Al poder elitista excluyente se ha opuesto un contrapoder popular con un proyecto propio de universidad radicalmente antagónico al que defienden las élites patrimonialistas madrileñas
En 2023 Ayuso encomendó a este peculiar grupúsculo, con el gris Viciana a la cabeza, la tarea política de erosionar la educación pública y potenciar el negocio privado. Su función era actuar como ariete al servicio de la vieja élite patrimonialista castiza para fundamentalmente dos cosas: imponer un modelo de infrafinanciación económica estructural que ahogara aún más a las universidades públicas y desarrollar una ley que les garantizara su control político por décadas. Esto es, desarrollar dos potentes dispositivos de control de clase sobre la educación pública, con el objetivo de subsumir la producción de conocimiento científico crítico a su control ideológico, limitando, al tiempo, las ya exiguas oportunidades de acceso a la Universidad a las clases sociales con menos recursos. Ese proyecto de imposición neoliberal tenía todos los poderes y recursos necesarios para imponerse sin sobresaltos. Sin embargo, sus planes se han estrellado contra la creciente organización de la comunidad universitaria en lucha, que durante muchos meses ha sido capaz de crear una estructura propia, horizontal e inclusiva, que ha ido creciendo al tiempo que desplegaba todo un crisol de acciones de difusión y reivindicación decididas en cientos de asambleas de las seis universidades públicas madrileñas. Dicho de otro modo, la clase alta madrileña que ostenta el poder económico y el control político de la Asamblea de Madrid, esa élite excluyente que parecía omnipotente, no ha sido capaz de imponer el rodillo de sus intereses por la decidida oposición en defensa de la Universidad Pública. Al poder elitista excluyente se ha opuesto un contrapoder popular con un proyecto propio de universidad radicalmente antagónico al que defienden las élites patrimonialistas madrileñas. Repitamos, este conflicto producto de la lucha ha sido el detonante de que se produjera la implosión del gobierno regional y el partido popular, no al revés. La crisis política del gobierno de Ayuso no es producto de la lucha entre camarillas de partido, entre excéntricos gurús y el ala dura, al contrario, la crisis es consecuencia del éxito de la organización y la lucha popular que ha sabido construir con paciencia y determinación una forma de contrapoder que sigue peleando por conseguir una Universidad Pública que realmente se digne de llamarse así: autónoma,democrática, crítica, gratuita, inclusiva e igualitaria.

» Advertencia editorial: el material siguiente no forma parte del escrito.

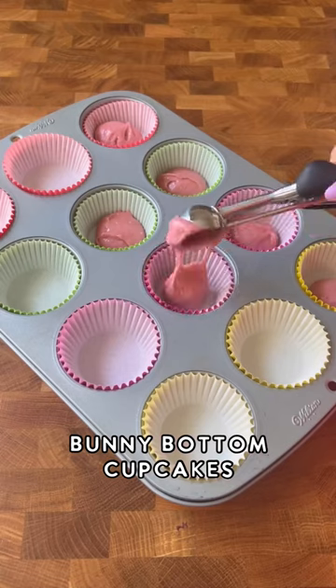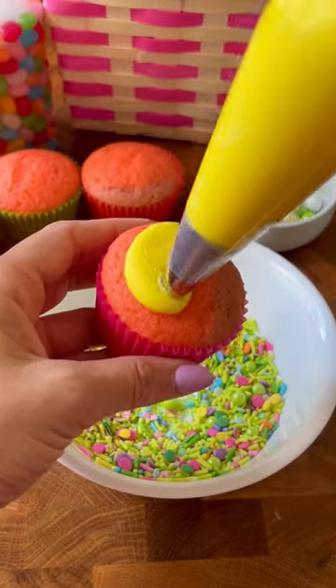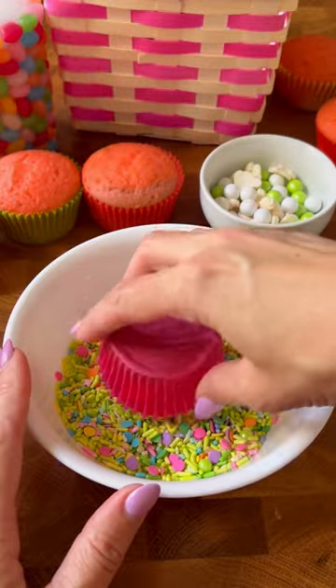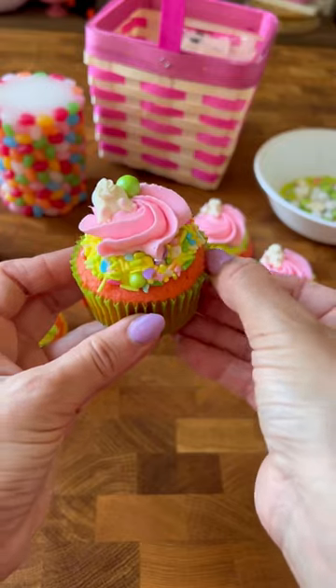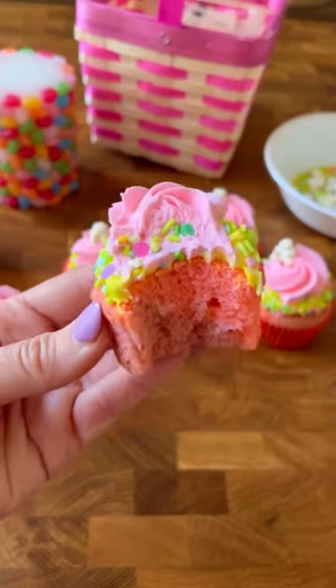My favorite cupcakes, Easter style! This time I did a pink and purple batter, topped with yellow buttercream, then cottontail sprinkles, and then a pink swirl of frosting. I topped it off with an edible bunny bottom. These are a classic vanilla almond flavor with vanilla buttercream.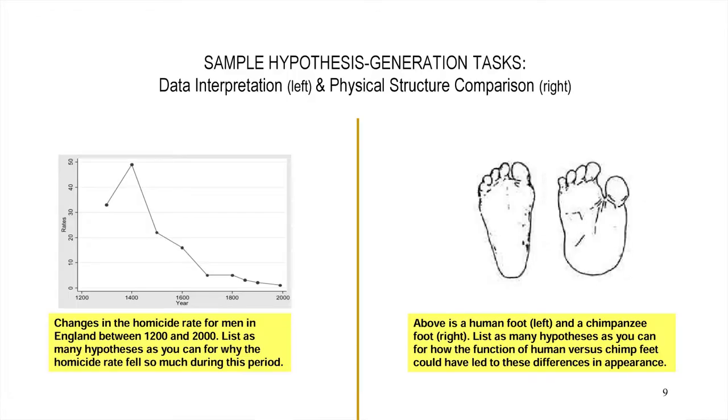We'd show students a data set — for example, changes in the homicide rate in England between 1200 and 2000 — and say, 'List as many hypotheses as you can for why the data shifted as it did over the years.' Or we'd show them two physical structures — a human foot and a chimp foot — and say, 'List as many hypotheses as you can for how the function of a human versus chimp foot could have led to these differences in structural appearance.' So this is the kind of stuff they were working on.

Bien sabemos que esta lucha no ha terminado, que el gobierno regional está recomponiendo sus filas para armar una nueva estructura política. Habrá un nuevo asalto de su proyecto de patrimonialización elitista-excluyente de la educación, pero ya han aprendido por la fuerza de los hechos que no les va a ser sencillo imponerlo. Nosotras también hemos aprendido una valiosa lección: que todo está por conseguir y que la lucha es el único camino.